2. Statement of Related Art
Chitosans are biopolymers which belong to the group of hydrocolloids. Chemically, they are partly deacetylated chitins varying in molecular weight which contain the idealized monomer unit (I). ##STR1## In contrast to most hydrocolloids, which are negatively charged at biological pH values, chitosans are cationic biopolymers under these conditions. The positively charged chitosans are capable of interacting with oppositely charged surfaces and, accordingly, are used in cosmetic hair-care and body-care formulations and pharmaceutical formulations (cf. Ullmann's Encyclopedia of Industrial Chemistry, 5th Ed., Vol. A6, Weinheim, Verlag Chemie, 1986, pp. 231-332). Reviews on this subject have been published, for example, by B. Gesslein et al. in HAPPI 27, 57 (1990), by O. Skaugrud in Drug Cosm. Ind. 148, 24 (1991) and by E. Onsoyen et al. in Seifen-Ole-Fette-Wachse 117, 633 (1991).
Chitosans are produced from chitin, preferably from the shell remains of crustaceans which are available in large quantities as inexpensive raw materials. Normally, the chitin is first deproteinized by addition of bases, demineralized by addition of mineral acids and, finally, deacetylated by addition of strong bases in a process described for the first time by Hackmann et al., the molecular weights being spread over a broad range.
A process for the production of a chitin degradation product is known from Makromol. Chem. 177, 3589 (1976). In this process, the Hackmann degradation is modified to the extent that the crab shells are first treated with hydrochloric acid at room temperature, then deacetylated with caustic soda solution over a period of 42 h at 100.degree. C., subsequently treated with more hydrochloric acid at room temperature and, finally, briefly aftertreated with sodium hydroxide solution, again at room temperature.
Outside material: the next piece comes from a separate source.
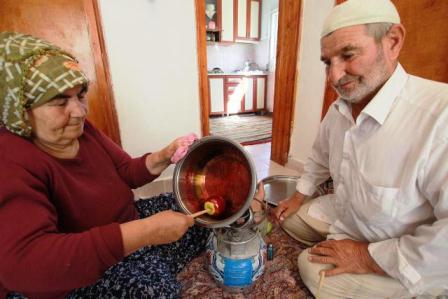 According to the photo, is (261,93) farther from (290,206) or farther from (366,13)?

In this process, the deacetylation takes place in the second step. By contrast, the concluding treatment with sodium hydroxide solution is merely carried out to "fine tune" the degree of deacetylation and, accordingly, takes place at room temperature. Although this leads to low-ash products with a high degree of deacetylation and good solubility in organic acids, the molecular weight is very low and the film-forming properties are unsatisfactory.
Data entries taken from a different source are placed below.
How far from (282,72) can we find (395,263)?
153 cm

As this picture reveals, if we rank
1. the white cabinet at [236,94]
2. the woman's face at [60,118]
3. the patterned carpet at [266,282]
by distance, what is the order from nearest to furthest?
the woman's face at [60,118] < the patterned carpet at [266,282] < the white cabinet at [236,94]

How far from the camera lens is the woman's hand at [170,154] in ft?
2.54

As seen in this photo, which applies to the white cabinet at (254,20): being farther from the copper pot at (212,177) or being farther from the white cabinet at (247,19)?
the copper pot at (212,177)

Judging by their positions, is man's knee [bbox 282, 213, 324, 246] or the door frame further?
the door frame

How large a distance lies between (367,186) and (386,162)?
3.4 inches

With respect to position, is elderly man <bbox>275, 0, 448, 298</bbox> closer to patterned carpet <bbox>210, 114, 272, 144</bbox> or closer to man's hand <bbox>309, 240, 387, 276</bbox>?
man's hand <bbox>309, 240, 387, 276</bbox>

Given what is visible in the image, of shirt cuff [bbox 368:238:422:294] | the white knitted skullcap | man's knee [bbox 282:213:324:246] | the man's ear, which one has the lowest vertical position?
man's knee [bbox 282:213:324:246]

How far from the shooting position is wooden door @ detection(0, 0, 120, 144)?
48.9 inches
The book "Chitin, Chitosan and Related Enzymes" (Ed. John P. Zikakis), New York, Academic Press, 1984, pp. XVII to XXIV and pp. 239 to 255, also relates inter alia to degradation products of chitin which, although having a low ash content according to Table 1 on p. 248 ("Chitin D"), have an extremely low degree of deacetylation of only 17.1%. Unfortunately, products such as these are completely insoluble in organic acids.
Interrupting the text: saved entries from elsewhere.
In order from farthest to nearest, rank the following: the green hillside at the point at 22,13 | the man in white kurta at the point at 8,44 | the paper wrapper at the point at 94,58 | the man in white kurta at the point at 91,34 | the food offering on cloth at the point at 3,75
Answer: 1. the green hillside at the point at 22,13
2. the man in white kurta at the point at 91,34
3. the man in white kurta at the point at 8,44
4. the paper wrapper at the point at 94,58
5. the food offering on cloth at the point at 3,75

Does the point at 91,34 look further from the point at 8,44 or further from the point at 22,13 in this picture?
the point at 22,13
French patent application FR-A 27 01 266 also describes degradation products which are obtained by first treating chitin with hydrochloric acid and then deacetylating it as far as possible with sodium hydroxide solution. The products obtained typically have a degree of deacetylation of 92% and are distinguished by a very low calcium carbonate content, are readily soluble in organic acids and give low-viscosity products. However, a major disadvantage once again is that the molecular weight is very low on account of the drastic degradation conditions and the film-forming properties of the products are again unsatisfactory.
Finally, WO 91/05808 (Firextra Oy) and EP-B1 0 382 150 (Hoechst) describe processes for the production of optionally microcrystalline chitosan.
To sum up, it may be said that known cationic biopolymers can be divided into two groups: the first group of products includes those which have a high degree of deacetylation, are soluble in organic acids and form low-viscosity solutions, but do not have satisfactory film-forming properties. The second group includes products which have a low degree of deacetylation, a relatively high molecular weight and good film-forming properties, but are poorly soluble in organic acids and, accordingly, are difficult to make up.
In addition, known products have a number of other disadvantages. As a result of the drastic degradation, they are generally heavily discolored, have an unacceptable odor and lack stability in storage, i.e. viscosity does not remain constant, but decreases, in the event of prolonged storage. Moreover, preservatives unfortunately have to be added because the products are susceptible to contamination by microorganisms.
Accordingly, the complex problem addressed by the present invention was to provide new cationic biopolymers which would be free from the disadvantages mentioned above, i.e. which would have a high molecular weight but would still be readily soluble in organic acids, forming low-viscosity solutions therein, and which would show excellent film-forming properties despite a high degree of deacetylation.